Here’s our noble steed, the 1995 Nissan Patrol, specifically the short wheel base 4x4 model. We were finally in its element. You can see the two extra fuel tanks, which would come in handy (but not here). After trouble in the previous days, both due to the dodgy oil pressure gauge and the lower elevation, things were going much more smoothly now. At this moment, we were finally getting a good idea of why we went in this direction.
After reaching the village of Chivay, we returned the pavement and turned towards Arequipa, which was now about 100 miles to the south. The road to Arequipa is also one of the highest paved mountain passes in the world, reaching 16110 feet at its summit despite not having a name. Near the peak of this (literally) breathtaking pass, we had to stop to confirm. Is that mountain…

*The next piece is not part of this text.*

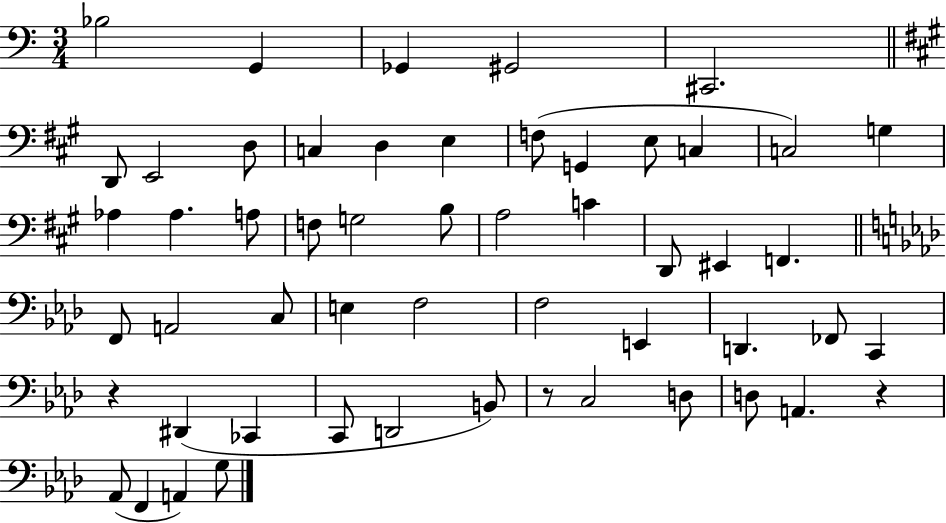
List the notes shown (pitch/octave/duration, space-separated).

Bb3/h G2/q Gb2/q G#2/h C#2/h. D2/e E2/h D3/e C3/q D3/q E3/q F3/e G2/q E3/e C3/q C3/h G3/q Ab3/q Ab3/q. A3/e F3/e G3/h B3/e A3/h C4/q D2/e EIS2/q F2/q. F2/e A2/h C3/e E3/q F3/h F3/h E2/q D2/q. FES2/e C2/q R/q D#2/q CES2/q C2/e D2/h B2/e R/e C3/h D3/e D3/e A2/q. R/q Ab2/e F2/q A2/q G3/e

Yes, yes it is. That mountain is an active volcano, doing active volcano things.
Specifically, it is the volcano Sabancaya, which has erupted several times in recent decades. According to Wikipedia, it is one of the most hazardous volcanoes in Peru, due to the frequent eruptions and the high population living in its proximity. At this point, Sabancaya was just venting sulfur and ash and it has since quieted down. Even though this was a minor bit of activity, it was still incredible to see a volcano “up close” (actually 20 miles away).
This wasn’t the first time Jake and I have seen the results of volcanic activity, having gone to Yellowstone and the geysers of Iceland previously, but none of it has been quite like this. It was spectacular.
After taking a look at the volcanoes, we started descending through towards Arequipa. There are two roads into the city from the north. One is a paved road, going around a mountain range. The other is a dirt road, splitting between two more volcanoes. We picked the volcano road.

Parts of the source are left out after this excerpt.